Can I make pandas cut/qcut function to return with bin endpoint or bin midpoint instead of a string of bin label?
Currently
pd.cut(pd.Series(np.arange(11)), bins = 5)
0 (-0.01, 2]
1 (-0.01, 2]
2 (-0.01, 2]
3 (2, 4]
4 (2, 4]
5 (4, 6]
6 (4, 6]
7 (6, 8]
8 (6, 8]
9 (8, 10]
10 (8, 10]
dtype: category
with category / string values. What I want is
0 1.0
1 1.0
2 1.0
3 3.0
4 3.0
with numerical values representing edge or midpoint of the bin.
I see that this is an old post but I will take the liberty to answer it anyway.
It is now possible (ref @chrisb's answer) to access the endpoints for categorical intervals using left
and right
.
s = pd.cut(pd.Series(np.arange(11)), bins = 5)
mid = [(a.left + a.right)/2 for a in s]
Out[34]: [0.995, 0.995, 0.995, 3.0, 3.0, 5.0, 5.0, 7.0, 7.0, 9.0, 9.0]

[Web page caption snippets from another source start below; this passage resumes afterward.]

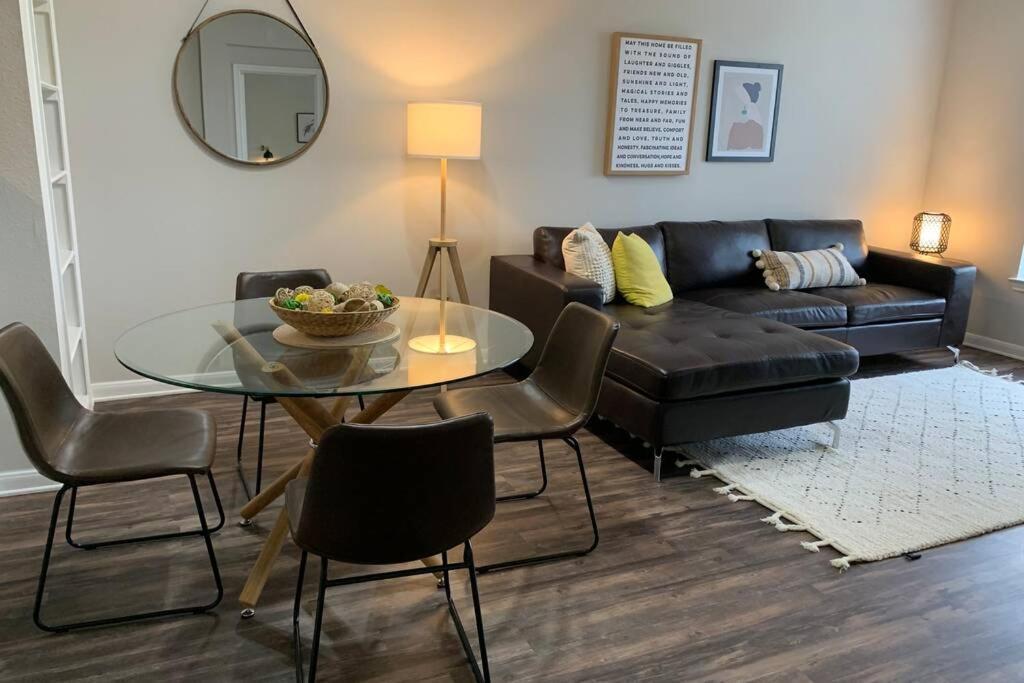Newly Furnished 1Br Apartment W/ Hermann Park View ヒューストン エクステリア 写真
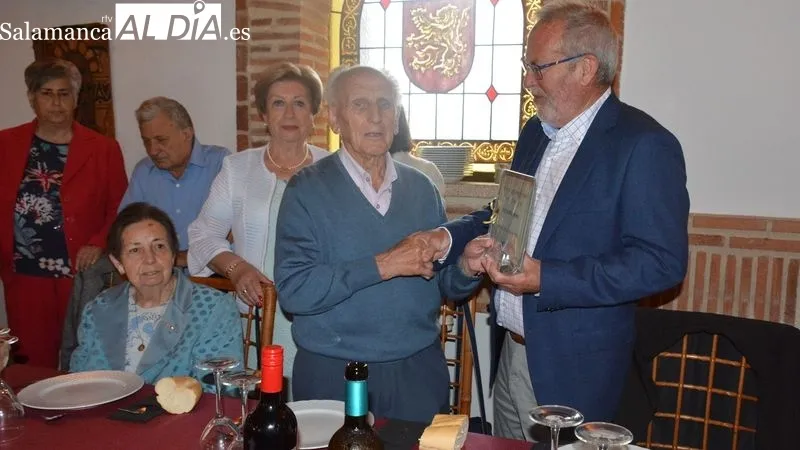 Foto 5 - Doscientos Mayores disfrutan en la fiesta patronal de la asociaci&oacute;n de jubilados de Lumbrales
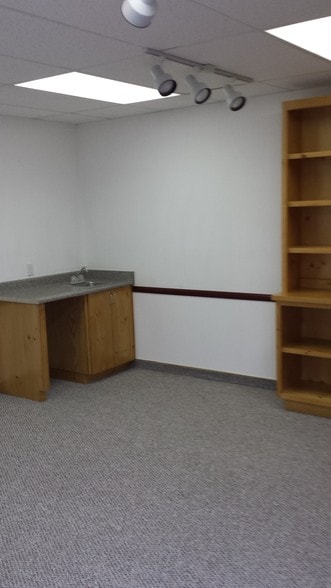 More Photos Of 2360 E Calvada Blvd, Pahrump Medical For Sale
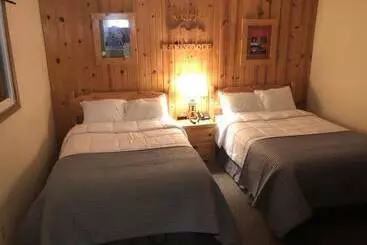 Retkeilymaja Holiday Motel
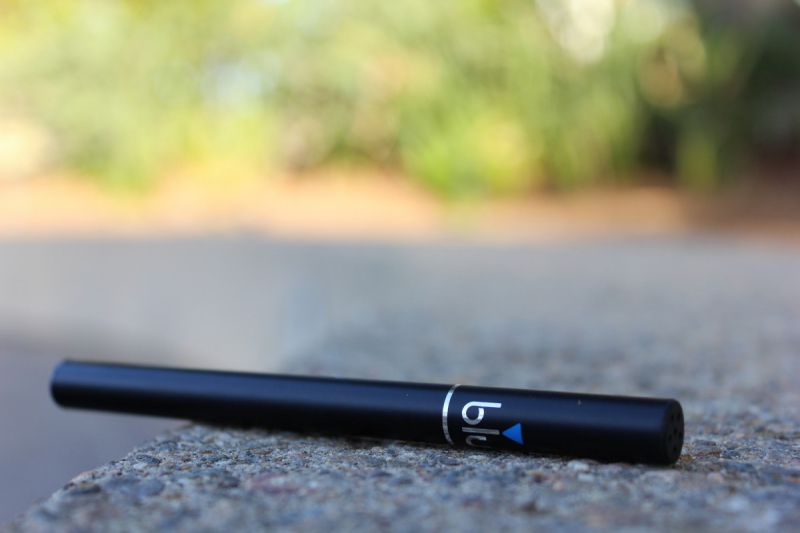 ecommerce-TOURRETTES SUR LOUP-min_e_cigarette_vaping_blu_cigs_blu_electronic_cigarette_tobacco_cigarette_smoke-637061
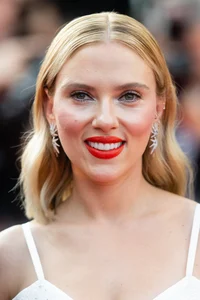 Scarlett Johansson 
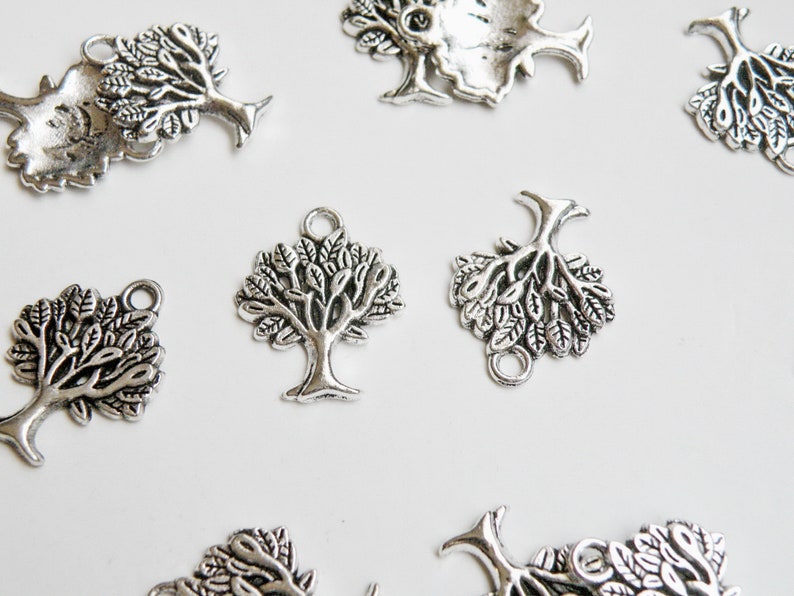 10 Tree of Life Charms, Celtic Family Tree Pendant, nature antique silver 22x17mm PLF10394Y image 1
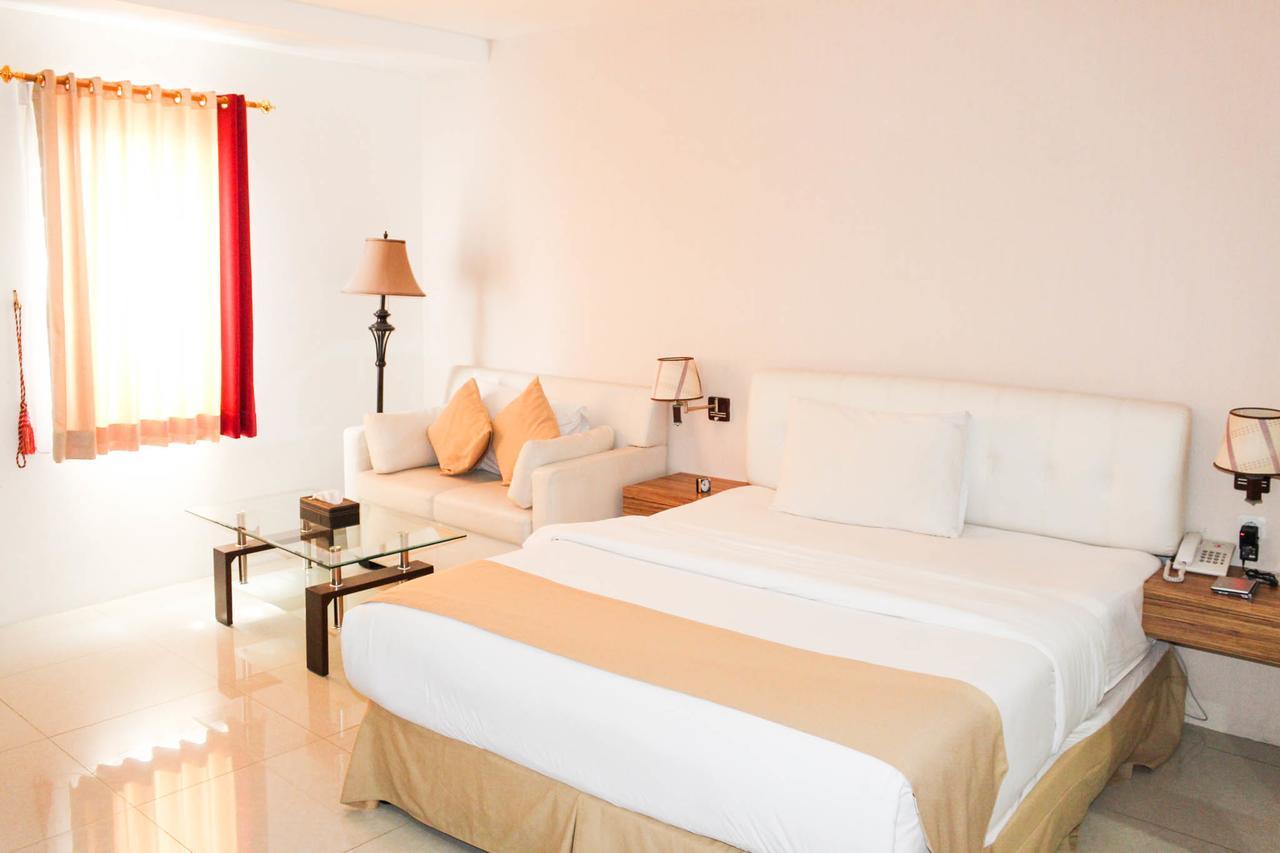 Kyo Serviced Apartment Jakarta Cilandak  ภายนอก รูปภาพ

Since intervals are open to the left and closed to the right, the 'first' interval (the one starting at 0), actually starts at -0.01. To get a midpoint using 0 as the left value you can do this
mid_alt = [(a.left + a.right)/2 if a.left != -0.01 else a.right/2 for a in s]
Out[35]: [1.0, 1.0, 1.0, 3.0, 3.0, 5.0, 5.0, 7.0, 7.0, 9.0, 9.0]
Or, you can say that the intervals are closed to the left and open to the right
t = pd.cut(pd.Series(np.arange(11)), bins = 5, right=False)
Out[38]:
0 [0.0, 2.0)
1 [0.0, 2.0)
2 [2.0, 4.0)
3 [2.0, 4.0)
4 [4.0, 6.0)
5 [4.0, 6.0)
6 [6.0, 8.0)
7 [6.0, 8.0)
8 [8.0, 10.01)
9 [8.0, 10.01)
10 [8.0, 10.01)
But, as you see, you get the same problem at the last interval.